Give all of the records again precisely, excluding whatever pictures they contain.

Stored items from a collection:
══════════
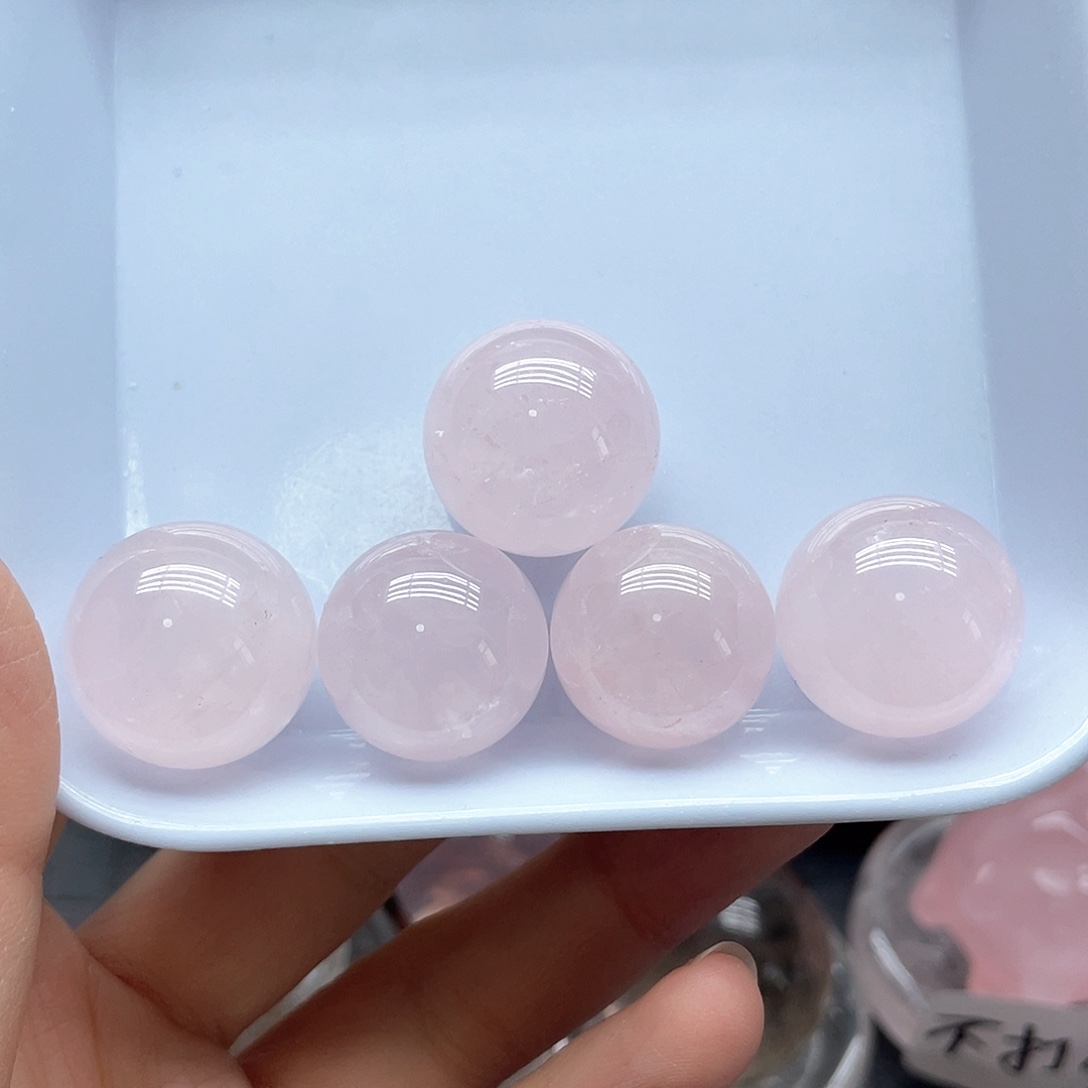 水晶未镶嵌珠宝半成品6粉晶单株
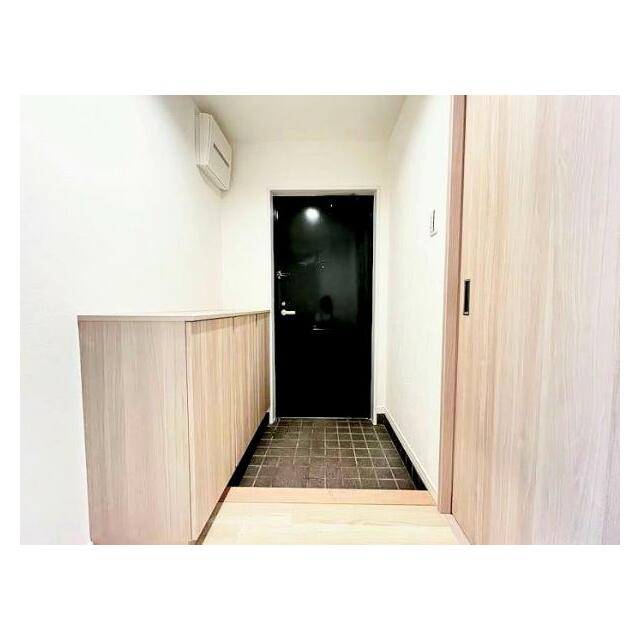 玄関　靴箱あり　右手のドアから洗面所にすぐ入れます。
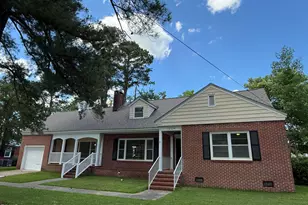 1004 W Divine St, Dunn, NC 28334 - Photo 1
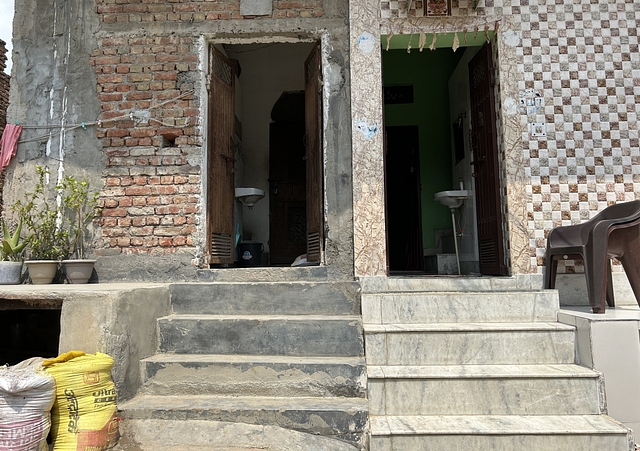 The house on the left is of Saahil while the right one is of Kamlesh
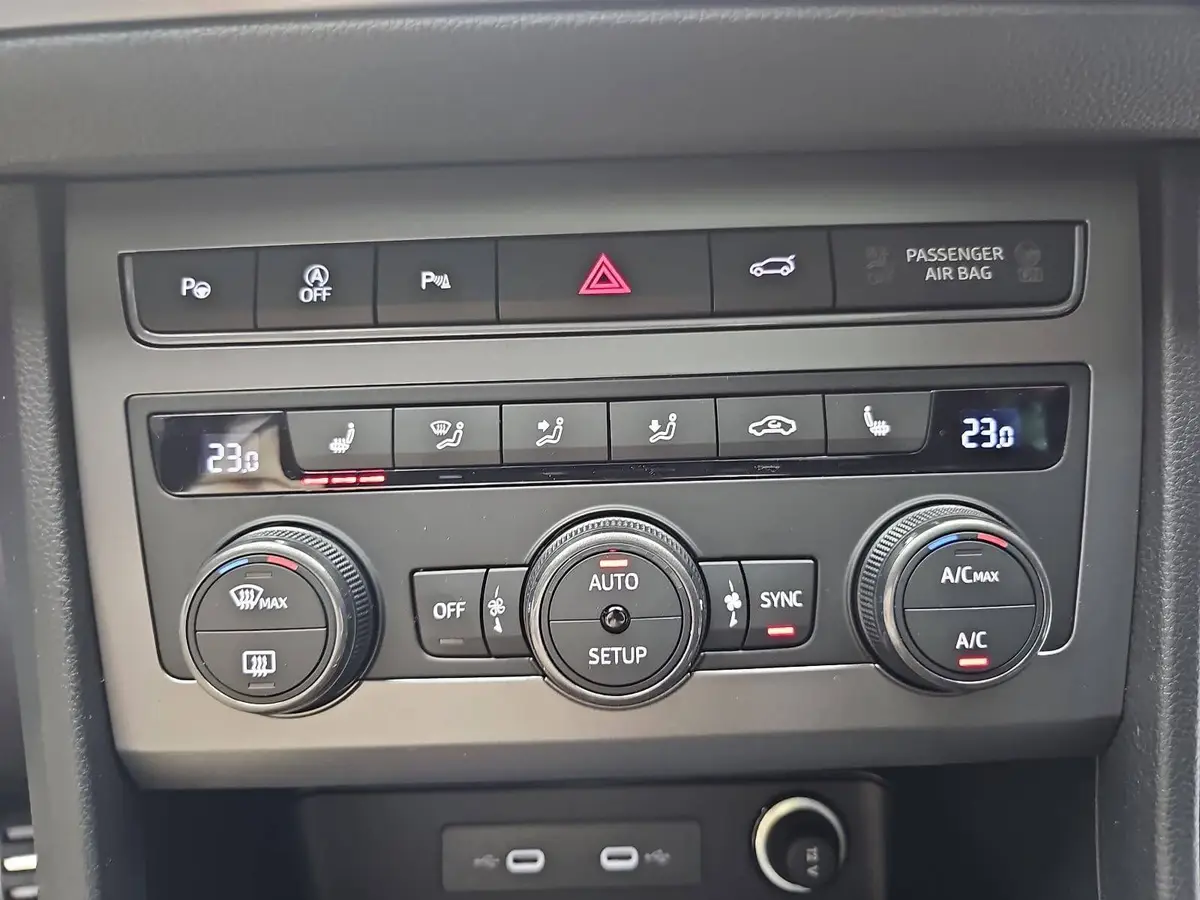 CUPRA ATECA 1.5 TSI DSG NAVI LED ACC PANO EL.HECKKLAPPE WINTER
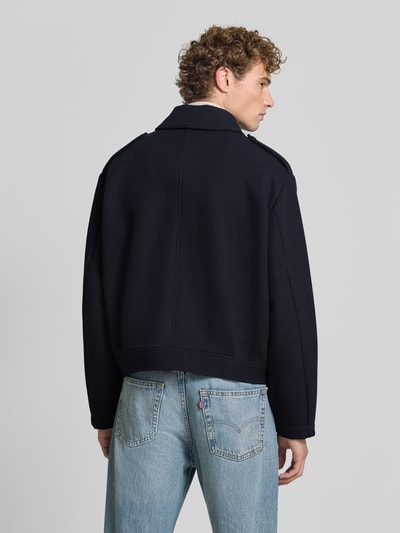 Männermodel trägt Jacke aus Viskose-Mix von Emporio Armani in Dunkelblau, breite Schultern, glatte Textur, Ganzkörperansicht Rückansicht. Rückenlänge 64 cm, Schulterbreite 54 cm, Brustweite 64 cm, Ärmellänge 66 cm.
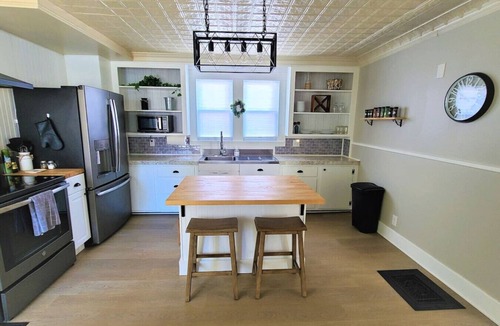 Waterville Apartment | Farmhouse Oasis | Waster/Dryer | Fireplace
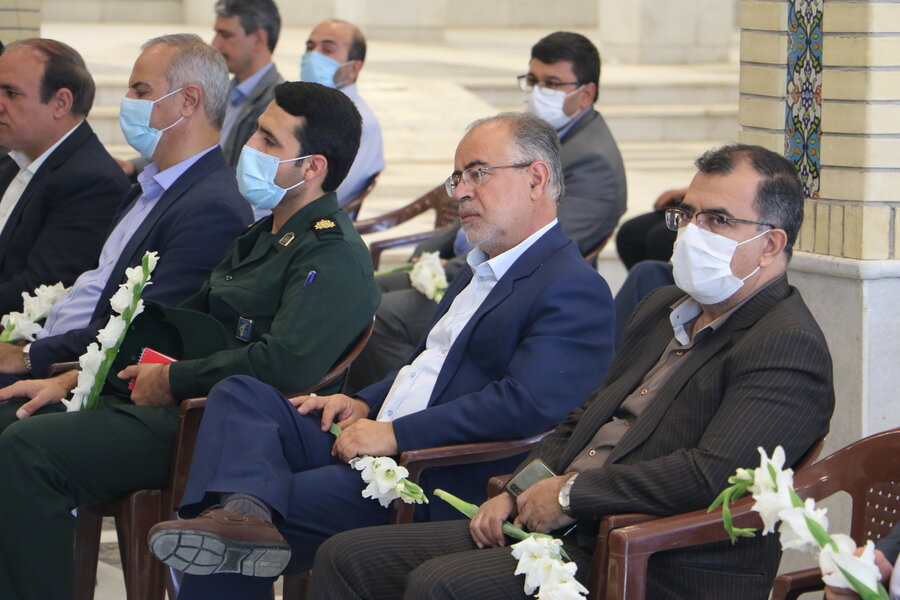 غبارروبی و گلباران مزار شهدا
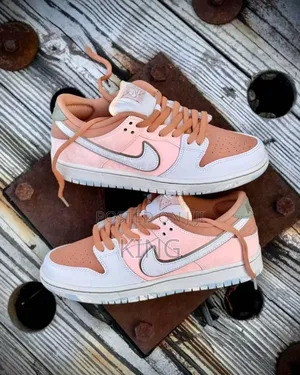 Elated Nike SB Dunk Low Trocadéro Gardens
══════════
> **Problem solution**
 水晶未镶嵌珠宝半成品6粉晶单株
 玄関　靴箱あり　右手のドアから洗面所にすぐ入れます。
 1004 W Divine St, Dunn, NC 28334 - Photo 1
 The house on the left is of Saahil while the right one is of Kamlesh
 CUPRA ATECA 1.5 TSI DSG NAVI LED ACC PANO EL.HECKKLAPPE WINTER
 Männermodel trägt Jacke aus Viskose-Mix von Emporio Armani in Dunkelblau, breite Schultern, glatte Textur, Ganzkörperansicht Rückansicht. Rückenlänge 64 cm, Schulterbreite 54 cm, Brustweite 64 cm, Ärmellänge 66 cm.
 Waterville Apartment | Farmhouse Oasis | Waster/Dryer | Fireplace
 غبارروبی و گلباران مزار شهدا
 Elated Nike SB Dunk Low Trocadéro Gardens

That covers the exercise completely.